Curate more, create less (location 962).
Occam's razor school of foreign policy: the solution shouldn't be more complex than the problem (location 987).
Government should do the things it's good at ... satire is not one of them (location 1437). Rick's Rules: We don't do snark.
The State Department is still issuing press releases while Putin is rewriting history (L1513).
It's not an information war; it's a war on information. ... It's America's fault. There is no problem in the world too small to be blamed on the US (L 1840).
RT described me as being part of the 'chorus of Russian-hating Western media' (L 2031).
Controversy machine always trumped the reality machine. ... RT is a distortion machine (L 2058).
Propaganda is not necessarily false information; it can be factually correct information trying to promote a point of view (L 2105).
[Megan Smith] flipping analogies back and forth like a pinball machine (L 2893).
Russians wouldn't listen [to Western news]. State propaganda was so relentless and comprehensive that there just wasn't an audience for an alternative view (L 3191).
No conspiracy theory involving American power was too far-fetched (L 3210).
Putin is the strongman that Trump plays on TV (L 3904).
Trump had weaponized grievance and vulnerability like both ISIS and Putin--and stoked--the grievances of millions who felt marginalized by modernism (L 3964). So much of what we believed---free speech, freedom of religion, the power of diversity--was challenged by brand Trump ... bit just free speech, but critical thinking, fact-based debate, the marketplace of ideas. Present at the destruction (L. 4009).

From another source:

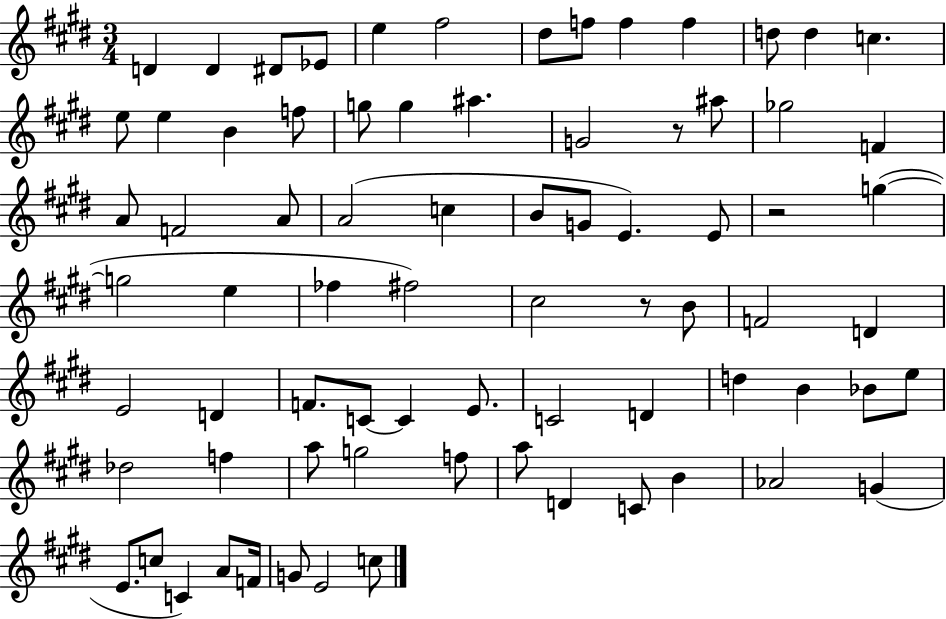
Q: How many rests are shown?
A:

Because one has the right to offend a group does not mean that one must (Garry Trudeau, L 4059).
America doesn't have a fake news problem--it has a media literacy problem (L 4190).
Half the money I spend on advertising is waster. The trouble is, I don't know which half (John Wanamaker, L. 4229).
Update: I attended Stengel's talk at the Texas Book Festival (last of six; I may not have been at my best). Coincidence: Samantha Power, who presented just before him, swore him in as Under Secretary of State. He defined collusion as "Someone offers help and you accept it," a broad definition that fit Trump well. He also referred to Trump as "Disinformer in Chief," emphasizing how similar his approach was to both Putin's Russia and ISIS. Stengel stated that the heart of Texas site was actually a Russian troll out of St. Petersburg. He emphasized the importance of the availability bias and disinformation. Disinformation is protected free speech, promoting violence is not. The Pentagon gets attacked 30 million times a day. There are 14,000 election districts in the US, all independent. The US has to use an "infrastructure of truth." He suggest the need for sate speech legislation.